### Source information

______________________________

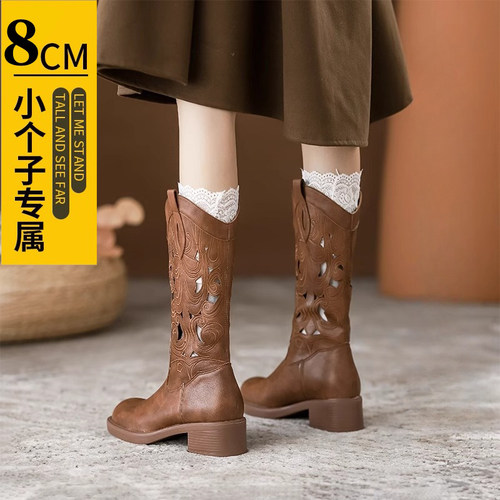 真皮复古棕色靴子女内增高镂空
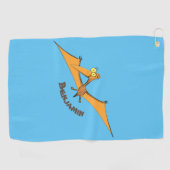 Niedlicher Pterodactylus-Cartoon Golfhandtuch (Horizontal)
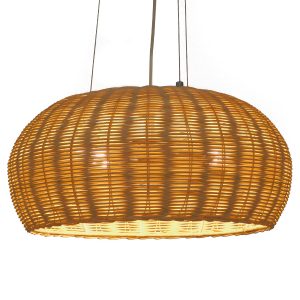DE LA MER 01624 Boho Κρεμαστό Φωτιστικό Καμπάνα Τρίφωτο 3 x E27 IP20 Μπεζ Ξύλο – Μ45 x Π45 x Υ24cm
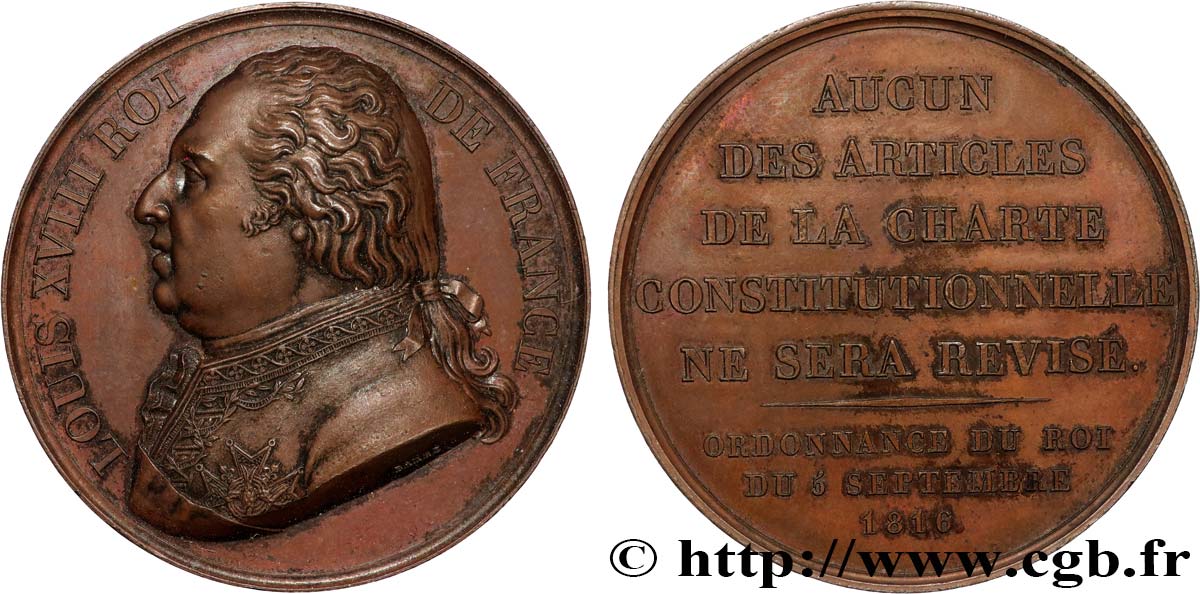 LOUIS XVIII Médaille, Confirmation de la charte de 1814 AU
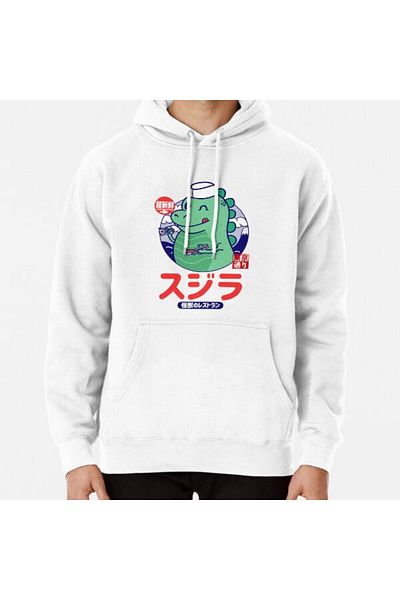 Hvit Stein Φούτερ με στάμπα Godzilla Sushi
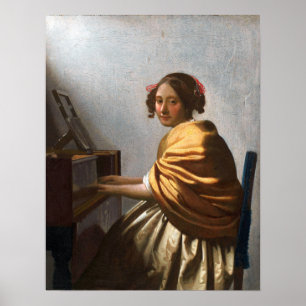 Vermeer - een jonge vrouw die in de maag zit poster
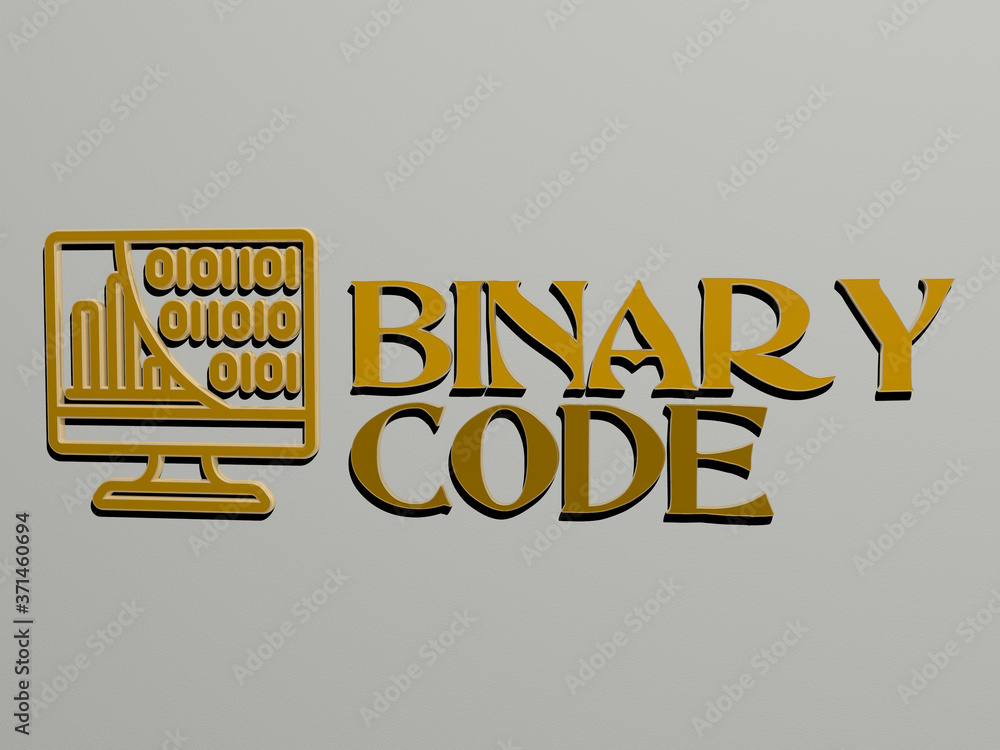 Poster binary code icon and text on the wall - 3d illustration for background and abstract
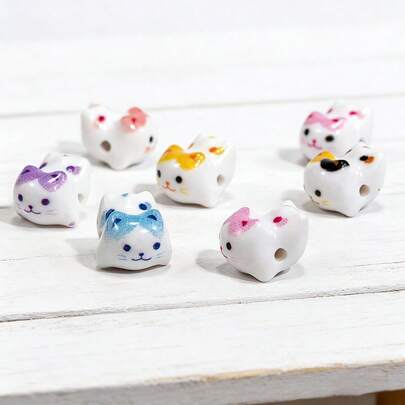 12/18pcs Lucky Cat Ceramic Beads, Acrylic Material 3D Multicolor Handmade Beaded Animal Ceramic Cat Print Ceramic Spacer Beads With Hole, DIY Necklace Bracelet Keychain Jewelry Making Supplies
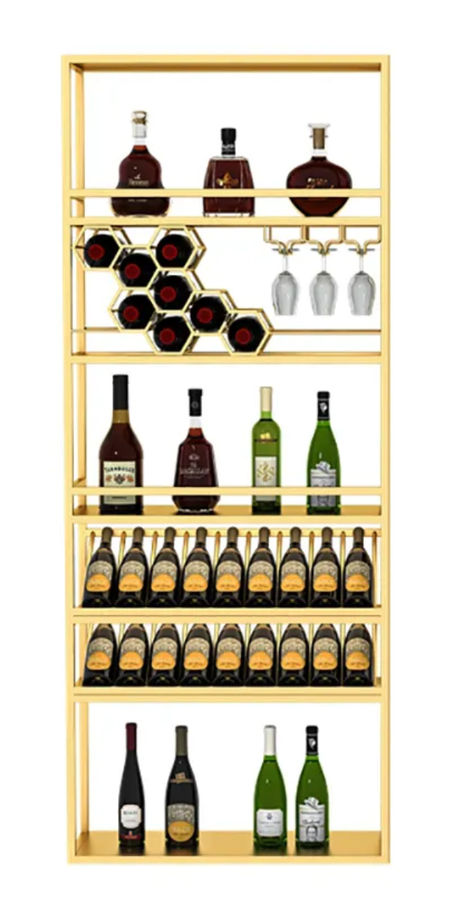 Gold Contemporary Standing Honeycomb Wine Rack with Glass Rack-A added by Lauren Houston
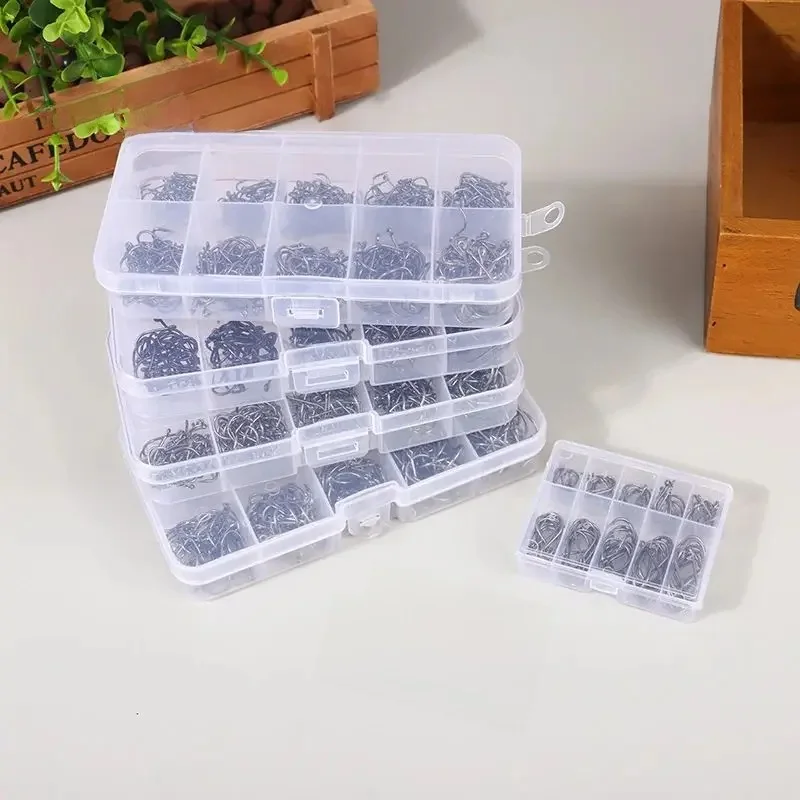 Ensemble de hameçons à poisson en boîte, hameçons inversés, pêche en plein air dans les lacs et les rivières, 100 à 2000 pièces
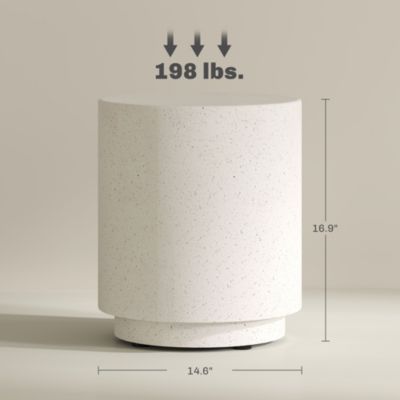 Accent Table with Concrete Finish, Round Side Table, Light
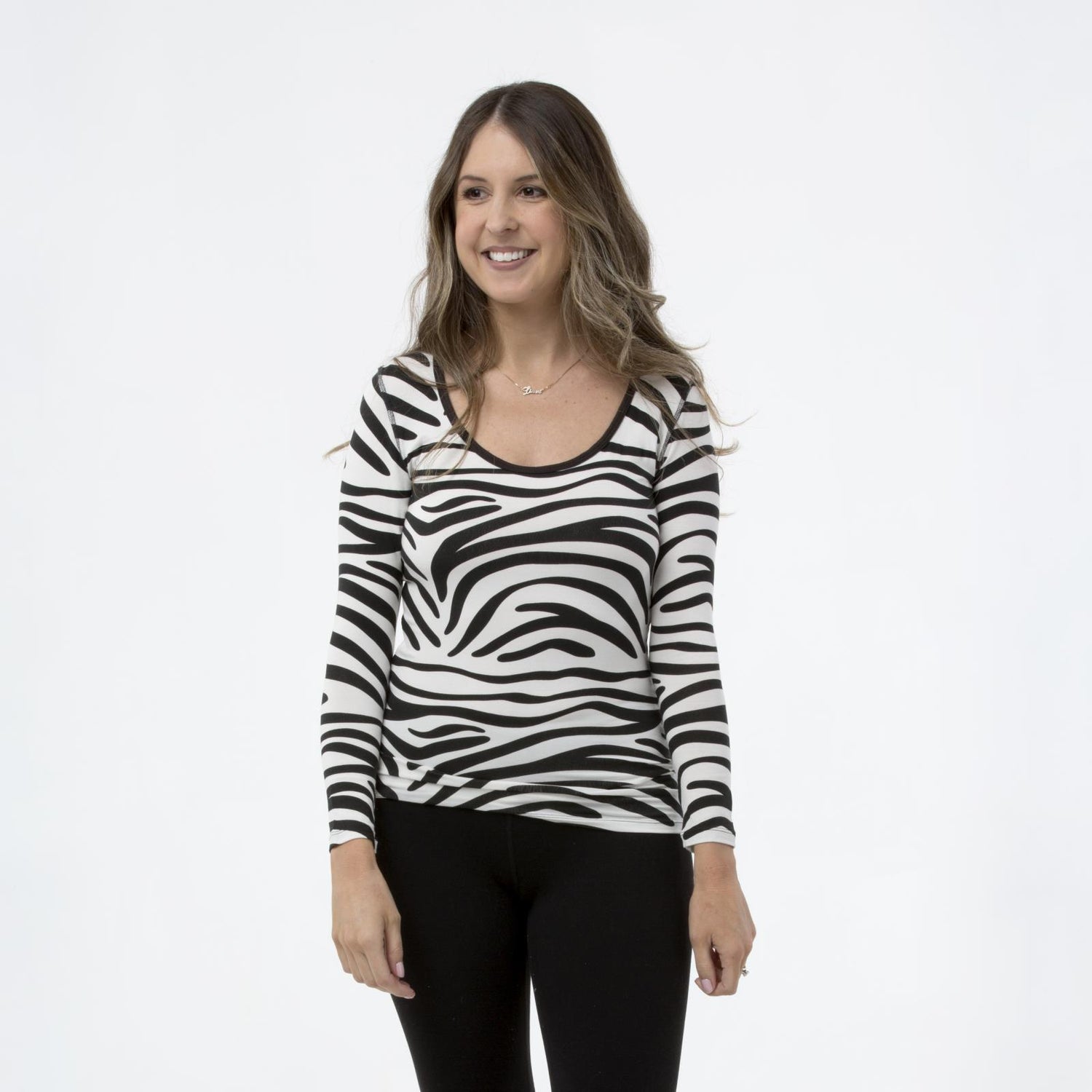 Print Long Sleeve Scoop Neck Tee in Natural Zebra Print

______________________________

### What to work on
All lines from the one containing "Gold Contemporary Standing" through the final line of the entries above are to be copied exactly; the pictures are not.

### Result for this task
 Gold Contemporary Standing Honeycomb Wine Rack with Glass Rack-A added by Lauren Houston
 Ensemble de hameçons à poisson en boîte, hameçons inversés, pêche en plein air dans les lacs et les rivières, 100 à 2000 pièces
 Accent Table with Concrete Finish, Round Side Table, Light
 Print Long Sleeve Scoop Neck Tee in Natural Zebra Print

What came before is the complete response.